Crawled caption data
▬▬▬▬▬▬▬▬▬▬

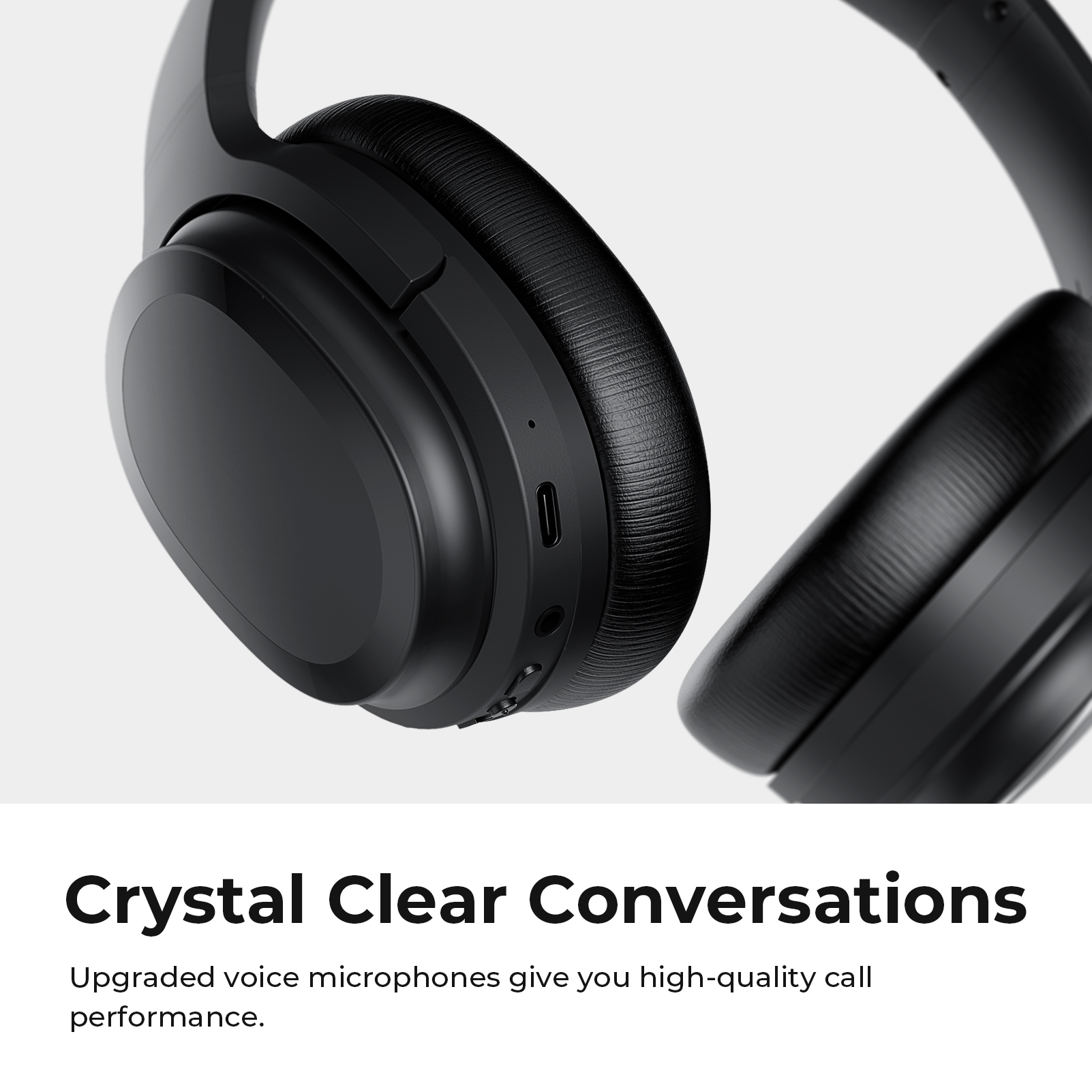 COWIN Active Noise Cancelling Bluetooth Headphones, Black photo 6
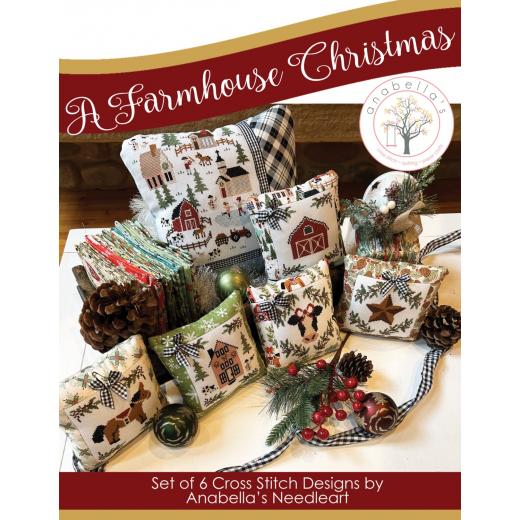 Stickvorlage Anabellas - Farmhouse Christmas Booklet (6 Designs)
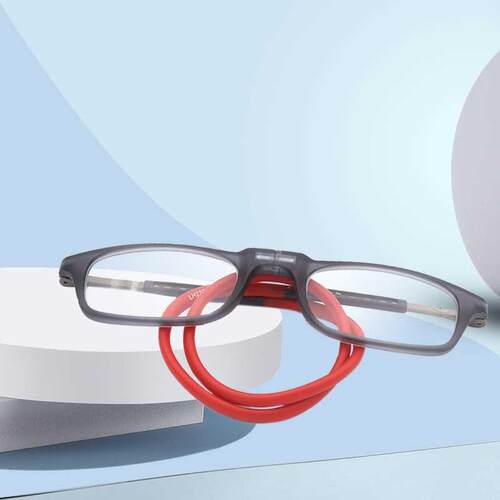 Handoer Reading Glasses Frame for Men and Women Flexible TR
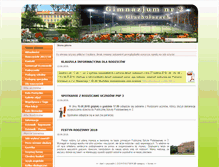 Tablet Screenshot of gimnazjum-nr2.pl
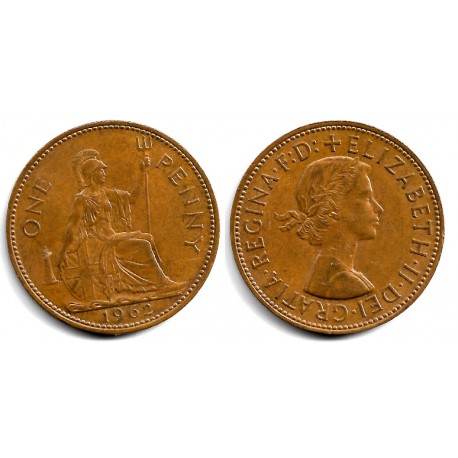 (897) Gran Bretaña. 1962. 1 Penny (MBC+)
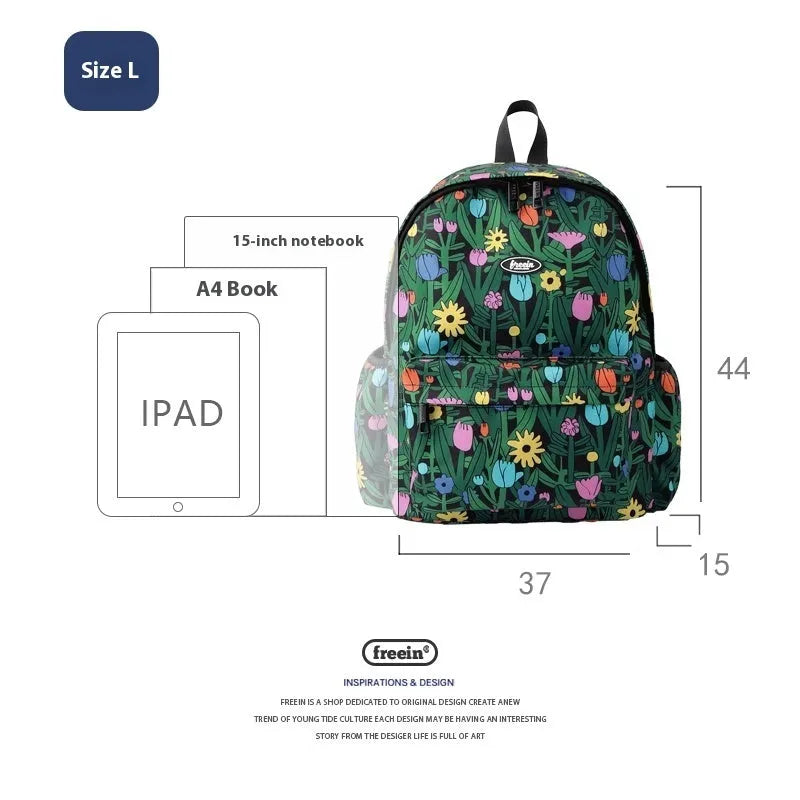 Original Niche Printed Backpack For Women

▬▬▬▬▬▬▬▬▬▬

■ To do
Repeat exactly the line containing "(897) Gran Bretaña. 1962. 1 Penny (MBC+)" and every line after it through the end of the records, and nothing else. Leave the pictures out.

■ Solution to the problem
 (897) Gran Bretaña. 1962. 1 Penny (MBC+)
 Original Niche Printed Backpack For Women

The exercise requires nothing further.